# Literature-Assisted Calibration

- **Goal:** Convert extracted literature facts into parameter suggestions for manual review.
- **Data:** First entry from `reference/goldset/index.json`.
- **Targets:** Preserve extraction quality thresholds (`fact_accuracy ≥ 0.95`, `table_row_recall ≥ 0.9`).


## Steps

1. Run the extraction pipeline on a gold-set PDF.
2. Evaluate the output against the annotated fixture.
3. Generate parameter suggestions using the literature action mapper.
4. Feed accepted suggestions through the analyst console or API for application.


In [None]:
import json
from pathlib import Path

from mcp_bridge.literature.actions import LiteratureActionMapper
from mcp_bridge.literature.evaluation import evaluate, load_fixture
from mcp_bridge.literature.extractors import (
    HeuristicTextExtractor,
    PdfExtractKitLayoutExtractor,
    SimpleFigureExtractor,
    SimpleTableExtractor,
)
from mcp_bridge.literature.pipeline import LiteratureIngestionPipeline, PipelineDependencies

goldset_root = Path("reference/goldset")
manifest = json.loads((goldset_root / "index.json").read_text(encoding="utf-8"))
entry = manifest["entries"][0]
pdf_path = goldset_root / entry["pdf"]
annotation_path = goldset_root / entry["annotation"]

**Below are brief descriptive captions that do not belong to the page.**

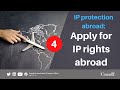 How to apply for intellectual property rights abroad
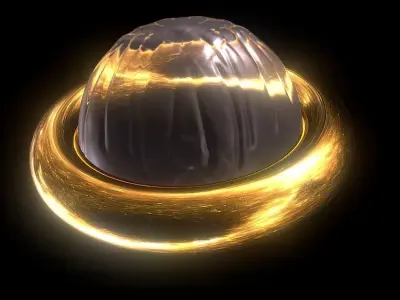 Ringshaped UFO Low-poly 3D model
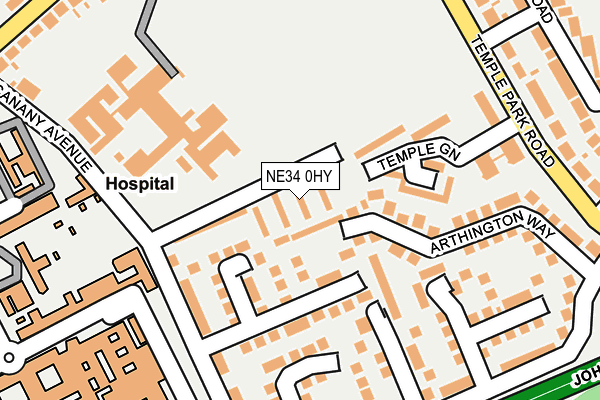 NE34 0HY map - OS OpenMap – Local (Ordnance Survey) NE34 0HY map - OS OpenMap – Local (Ordnance Survey)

pipeline = LiteratureIngestionPipeline(
    PipelineDependencies(
        layout_extractor=PdfExtractKitLayoutExtractor(),
        text_extractor=HeuristicTextExtractor(),
        table_extractor=SimpleTableExtractor(),
        figure_extractor=SimpleFigureExtractor(),
    )
)

extraction = pipeline.run(str(pdf_path), source_id=entry["sourceId"])
fixture = load_fixture(annotation_path)
report = evaluate(extraction, fixture)
print(f"fact_accuracy={report.fact_accuracy:.3f}, table_row_recall={report.table_row_recall:.3f}")

mapper = LiteratureActionMapper(simulation_id="usecase-calibration")
suggestions = mapper.map_actions(extraction)
print(f"Generated {len(suggestions)} parameter suggestions")
for suggestion in suggestions[:5]:
    print(f"- {suggestion.tool_name}: {suggestion.summary}")


## Reference Metrics

The gold-set evaluation harness enforces `fact_accuracy ≥ 0.95` and
`table_row_recall ≥ 0.9`. If the printed values fall below those thresholds,
investigate extraction regressions before applying calibration suggestions.